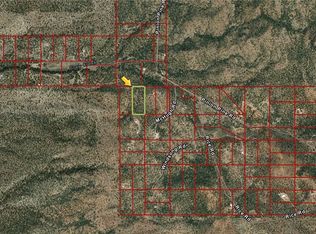 Pinion Pne, Pioche, NV 89043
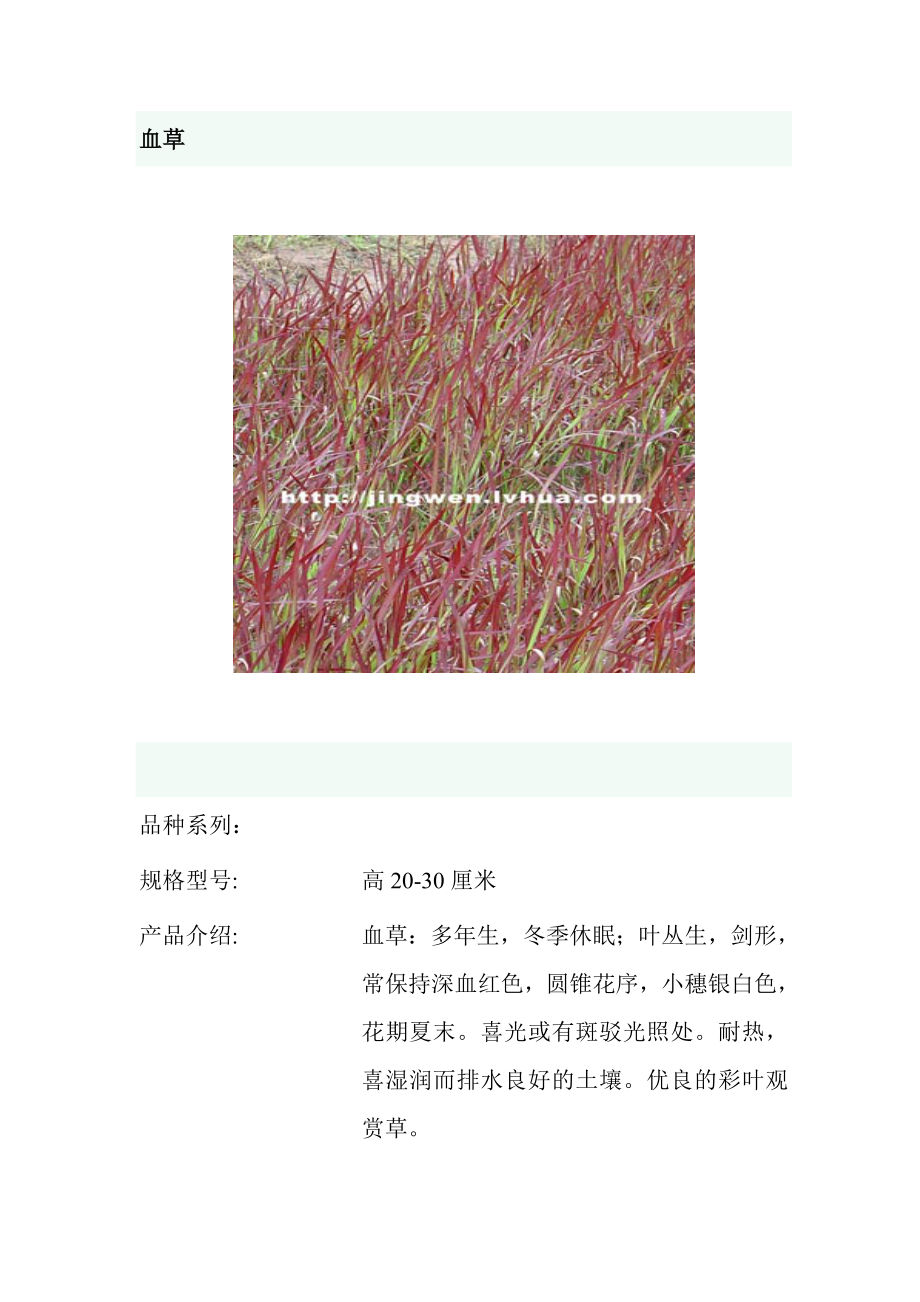 园林观赏草—图文并茂(1).docx_第1页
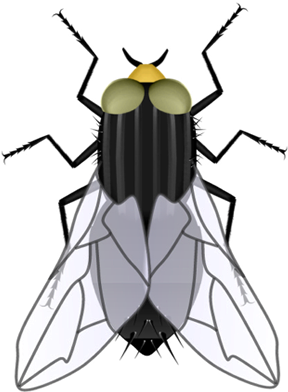 Edupic Science Drawings Main - Fly (300x400)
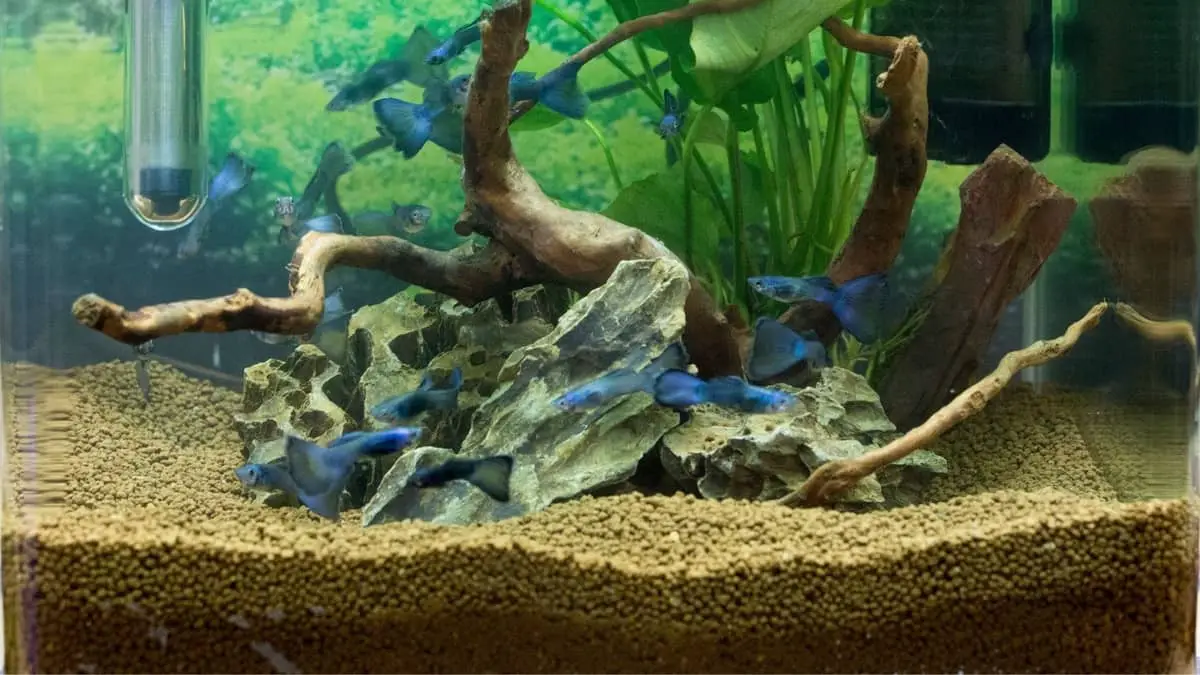 The Ultimate Guide To Better Understanding Planted Aquarium Substrate Layers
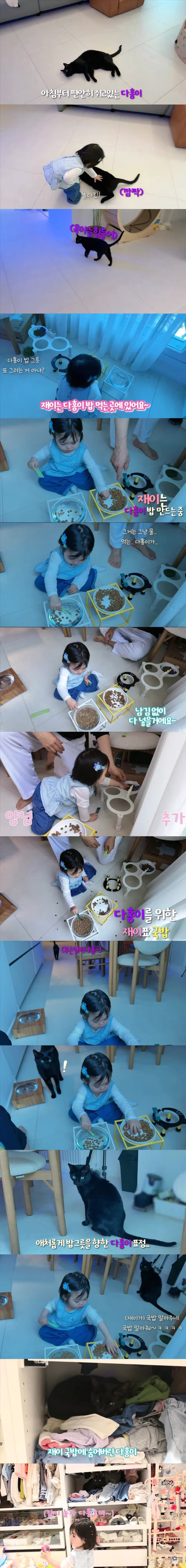 슬슬 시작되는 박수홍 유튜브... - 디시인사이드 인기글 이미지 1 - 밈카세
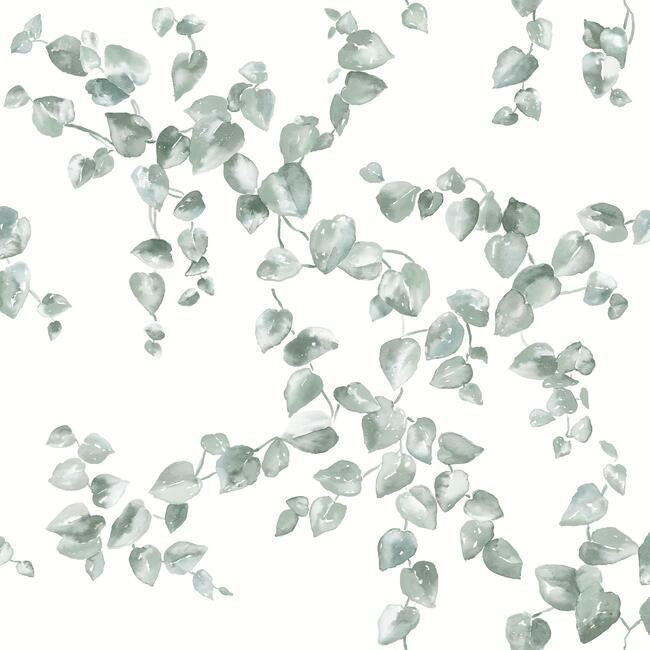 Sample Creeping Fig Vine Wallpaper in Sage from the Simply Farmhouse Collection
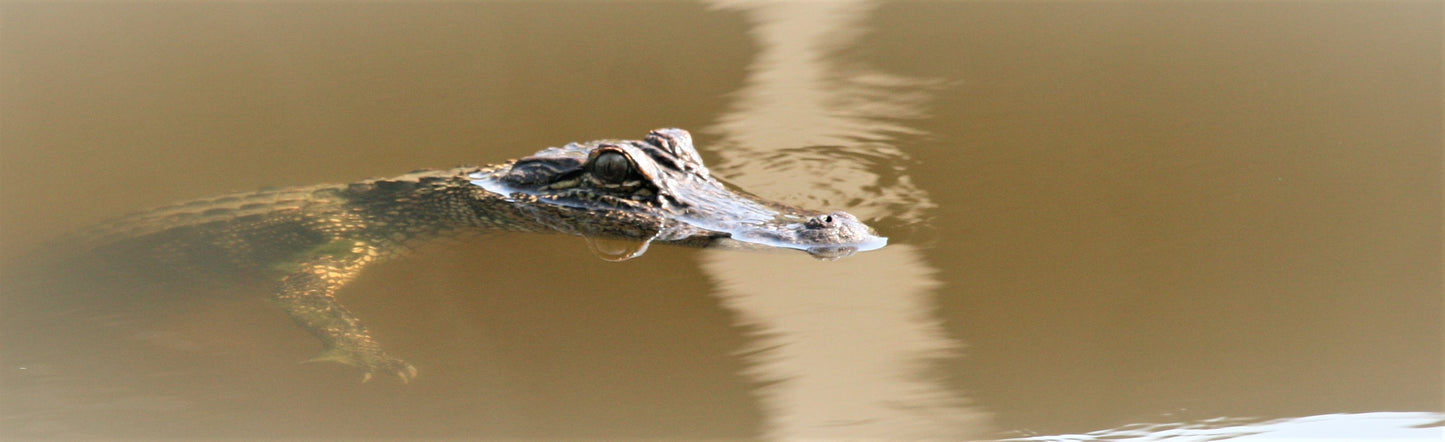 Alligator #0026 — BayouSelf Wildlife Archive | Louisiana Alligator Photo Download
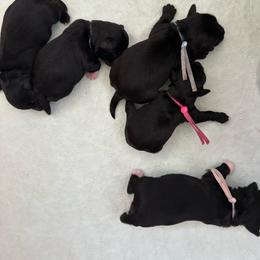 Girl 1 - Black female Miniature Schnauzer puppy in Tacoma, Washington from MSR Mini Schnauzers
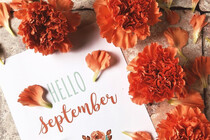 september-4876232_1280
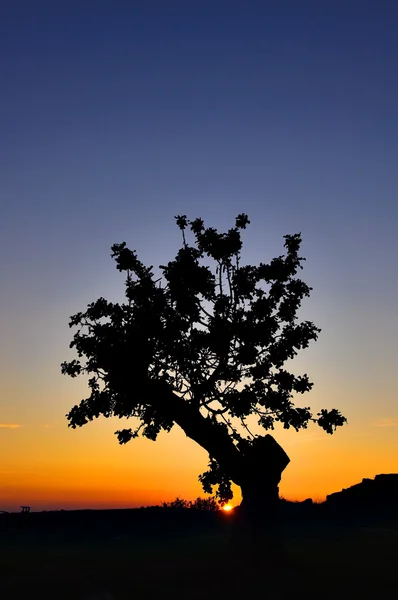 Pień drzewa słońca — Zdjęcie stockowe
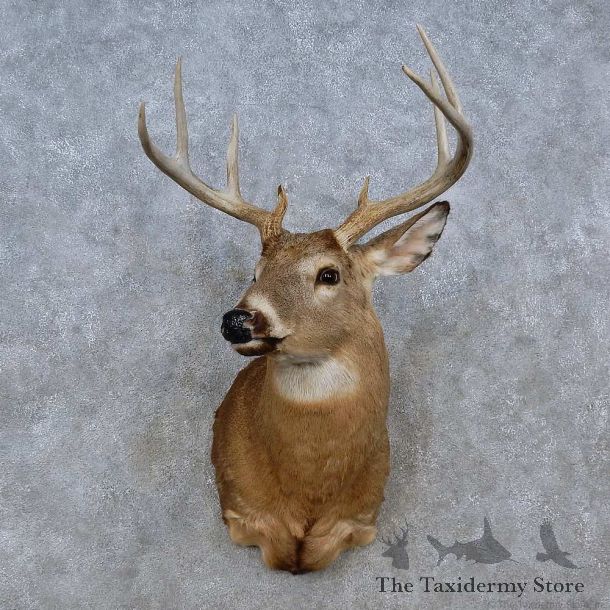 Whitetail Deer Shoulder Mount For Sale #15249 @ The Taxidermy Store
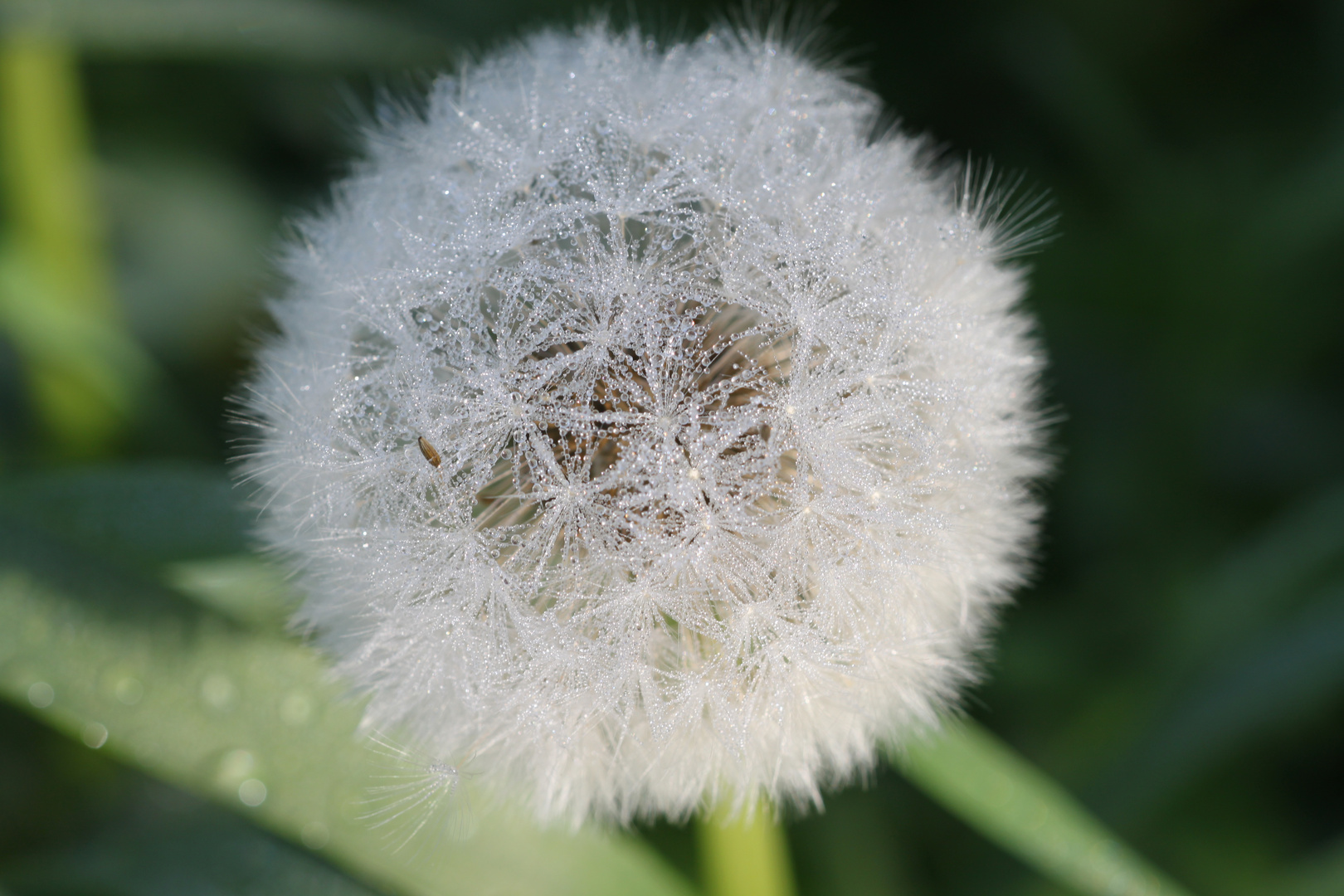 Pusteblume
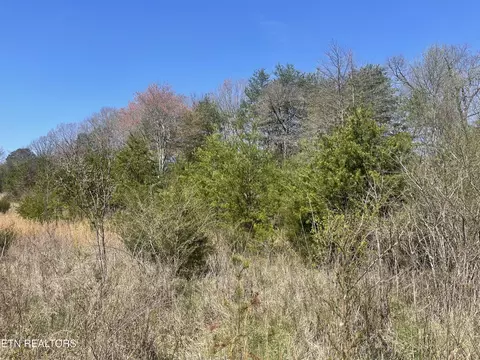 317 Mountain View Dr, Vonore, TN 37885 photo 12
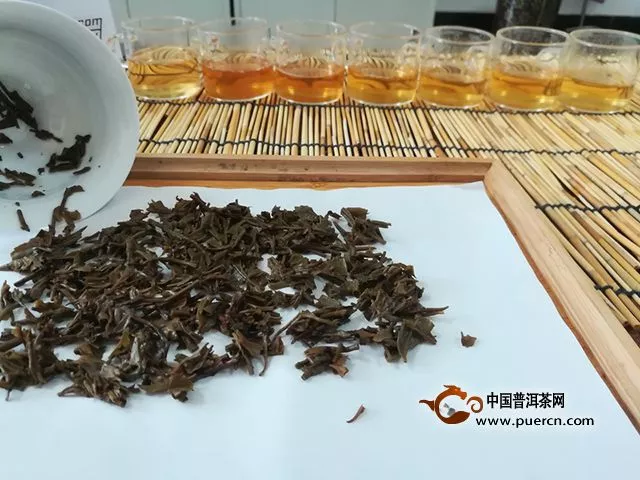 好喝不貴 大益小金沱適合年輕的你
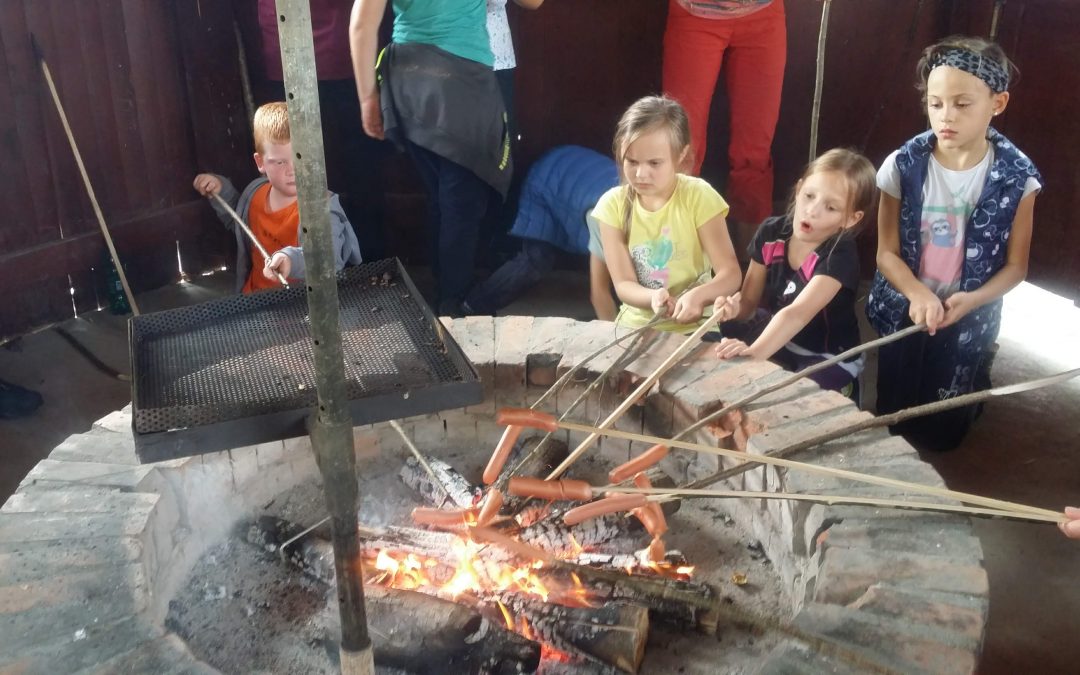 PEKA HRENOVK IN KOSTANJEV NA PLEŠIVICI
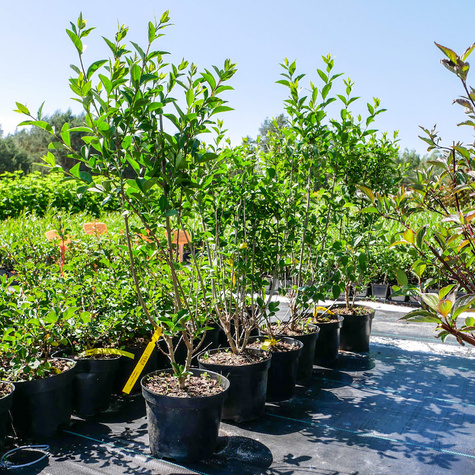 Ligustr pospolity Lodense (P9)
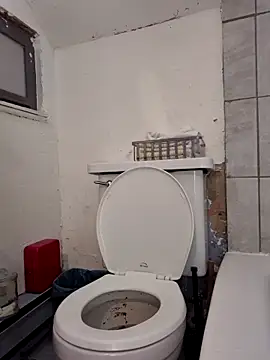 torontofag2use online show from 15, 9, 2025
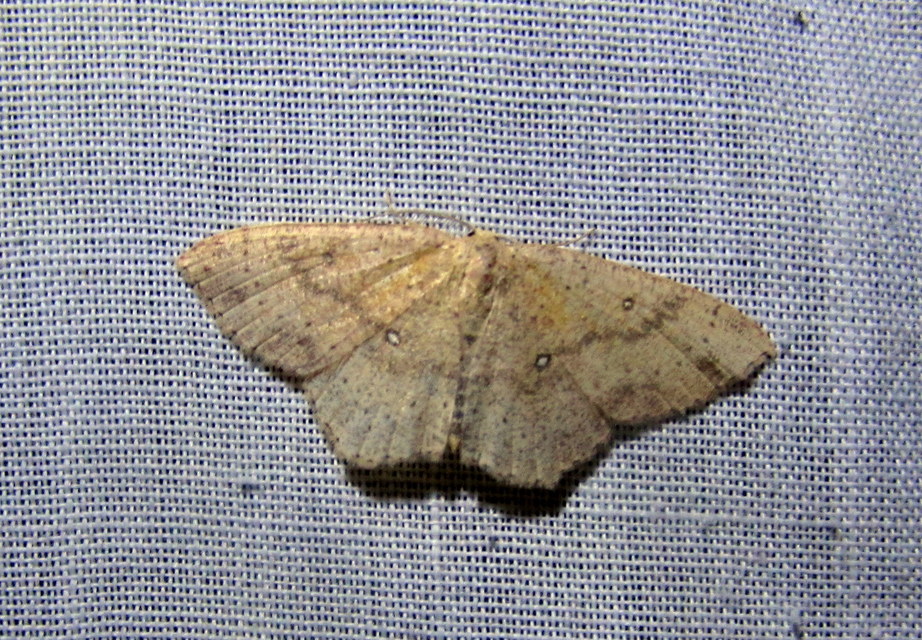 Cyclophora porata - körös pettyesaraszoló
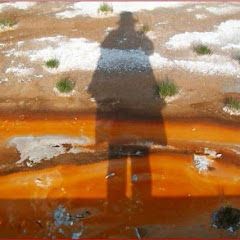 Skizit Gesture Avatar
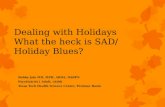 Dealing with Holidays What the  h eck is SAD/ Holiday Blues?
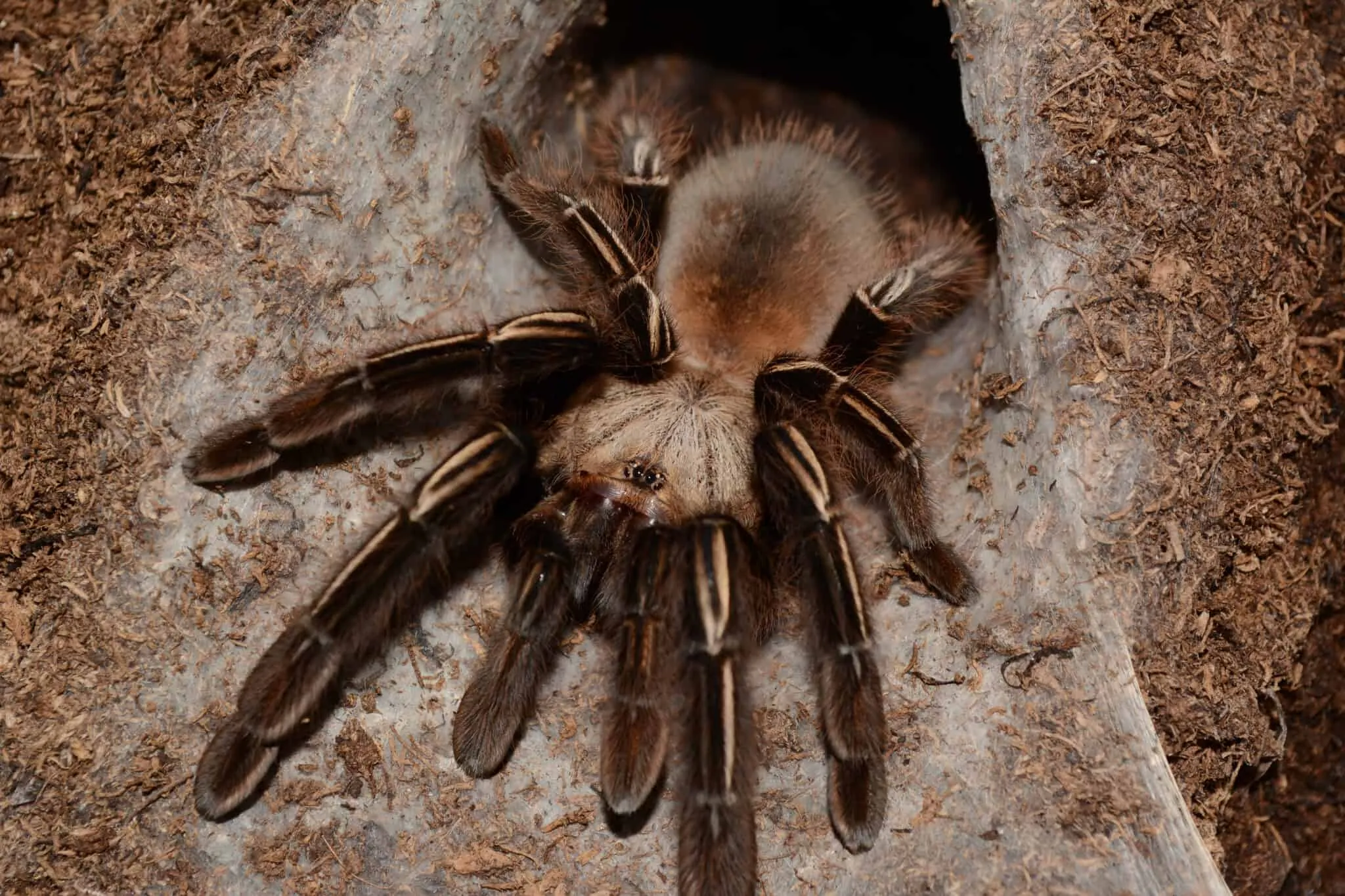 24398 tarantula eating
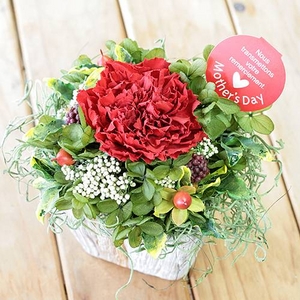 【5月2日で予約終了　母の日限定　30個限定】カーネーションプリザーブドフラワーアレンジメント☆メッセージカード付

==*==

▸ What is needed
Quote exactly the lines from the one that contains "The Ultimate Guide" through the end of the listing above, both ends included, leaving out the pictures.

▸ Answer space
 The Ultimate Guide To Better Understanding Planted Aquarium Substrate Layers
 슬슬 시작되는 박수홍 유튜브... - 디시인사이드 인기글 이미지 1 - 밈카세
 Sample Creeping Fig Vine Wallpaper in Sage from the Simply Farmhouse Collection
 Alligator #0026 — BayouSelf Wildlife Archive | Louisiana Alligator Photo Download
 Girl 1 - Black female Miniature Schnauzer puppy in Tacoma, Washington from MSR Mini Schnauzers
 september-4876232_1280
 Pień drzewa słońca — Zdjęcie stockowe
 Whitetail Deer Shoulder Mount For Sale #15249 @ The Taxidermy Store
 Pusteblume
 317 Mountain View Dr, Vonore, TN 37885 photo 12
 好喝不貴 大益小金沱適合年輕的你
 PEKA HRENOVK IN KOSTANJEV NA PLEŠIVICI
 Ligustr pospolity Lodense (P9)
 torontofag2use online show from 15, 9, 2025
 Cyclophora porata - körös pettyesaraszoló
 Skizit Gesture Avatar
 Dealing with Holidays What the  h eck is SAD/ Holiday Blues?
 24398 tarantula eating
 【5月2日で予約終了　母の日限定　30個限定】カーネーションプリザーブドフラワーアレンジメント☆メッセージカード付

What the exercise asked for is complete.